I disagree with her about a NYE wedding.  I think it would be so fun to celebrate NYE with a close friend getting married!  And for people who value New Year’s more than your wedding, well, maybe you don’t want them there!

Post # 10
Member
7405 posts
Busy Beekeeper

she sounds so bitter. Sorry you’re going thru this. Just limit your details with her in the future, she doesn’t sound likes capable of being happy for anyone else.

Post # 12
Member
646 posts
Busy bee
  • Wedding: October 2011

Any friend worth her salt will not be mad if she’s not invited to be a bridesmaid. Hurt a little perhaps, maybe disappointed, but she should be excited to help in any way she can.

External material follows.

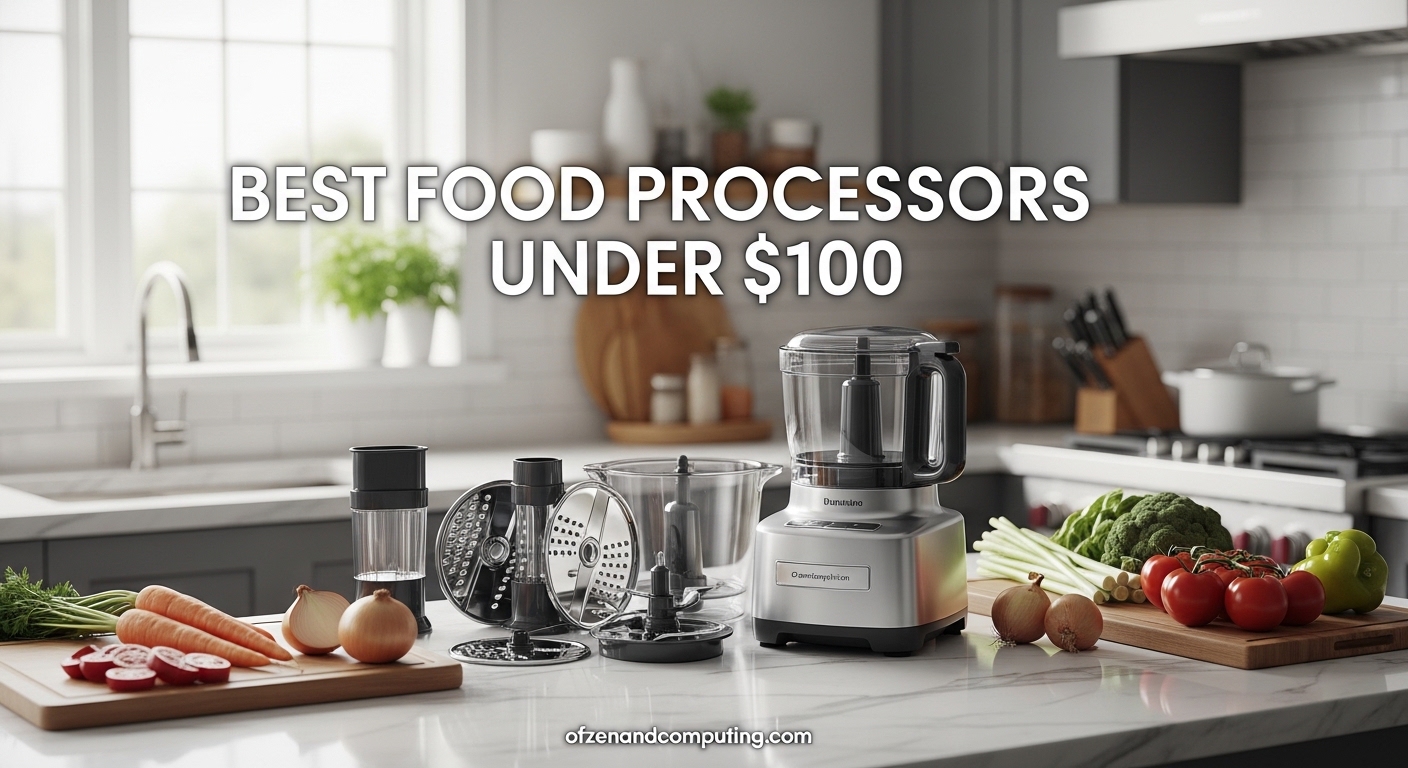 Best Food Processors Under $100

ESPECIALLY if you have a small wedding party. Don’t pick her, she sounds like a giant pain. You don’t need Bridesmaid or Best Man stress in your wedding. Pick your friends who sooth you, not aggravate!

Post # 13
Member
3482 posts
Sugar bee
  • Wedding: February 2011

Ugh. I loathe people who “rate” their friends based on stupid things like this. Does she seriously think all her friends have to ask her to be in their wedding party for them to be true friends? I’ve never been a bridesmaid. Darn, guess all my so-called friends who are married really hate me.

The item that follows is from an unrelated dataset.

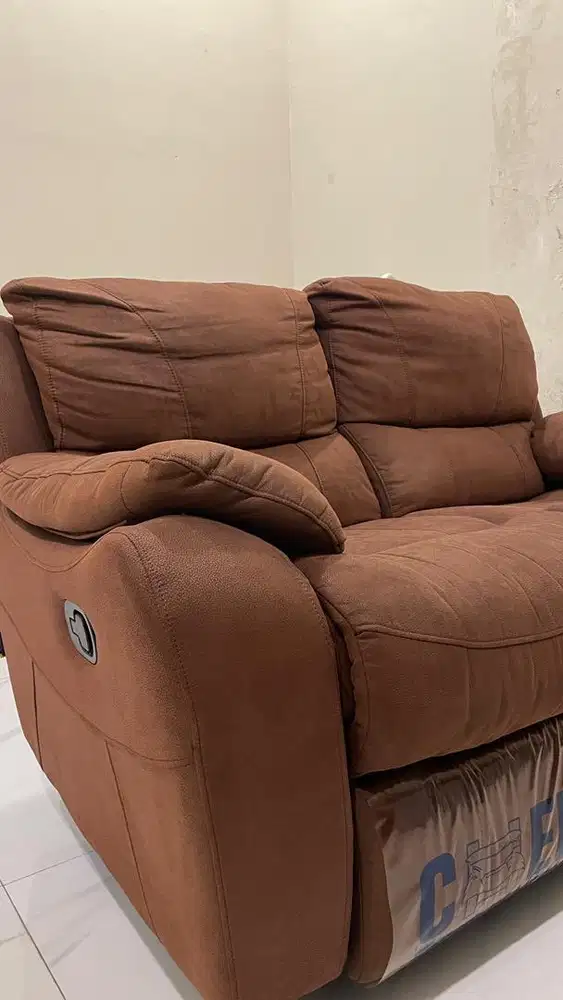 Sofa Recliner Cheers 2 Seat Original Mulus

I don’t know why someone would get up in arms about a NYE wedding either. It’s not like getting married on Christmas Day when most people would likely rather spend it at home with their families. NYE is by nature a party evening, and if you spend it at a wedding, you get twice the celebration in one awesome event! So unless your charmer friend is needed to report on TV as the ball drops, you’re not taking anything away from her.

Post # 14
Member
614 posts
Busy bee
  • Wedding: January 2010

All I can say is DO NOT ask her to be a bridesmaid. Otherwise you’ll be writing another post in a while saying “how can i un-ask this ‘friend’ as a bridesmaid?” been there, done that. Your “friend” sounds familiar. Perhaps she’s envious of what you have. She may not get that being in a wedding party is not about a ranking or a title, it’s about being a supportive and true friend. I would not put any weight on her opinion. If you have your wedding another day, she’ll have issues with that too. Do what you want without worrying about her. I wouldn’t even tell her about anything you are planning.

 

But this is coming from me. I had to un ask a lifelong friend as a Bridesmaid or Best Man due to a lot of drama(refused to pick and purchase a dress after months of knowing the deadline). After she did the same things to another friend when she was supposed to be MOH(she didnt have any kind of Bridesmaid or Best Man dress 4 days before the wedding) I called her out on her issues.  Then found out she actually hates my guts and hasn’t been my friend for a long time but she had expected to be my Maid/Matron of Honor. I wish I could take back all the tears I cried debating about whether or not to un ask her to be a Bridesmaid or Best Man because it wasn’t worth it.

 

But that’s my story. 🙂 a new year’s wedding will be fun!

Post # 15
Member
744 posts
Busy bee
  • Wedding: July 2012

Wow, that lady sounds like a giant pain! Who is she to decide on the day of your wedding?! If it works for you and your Fiance, that’s pretty much all you need! If she wants to come, great. If she has beeter things to do on NYE, forget about her and enjoy your new beginnings!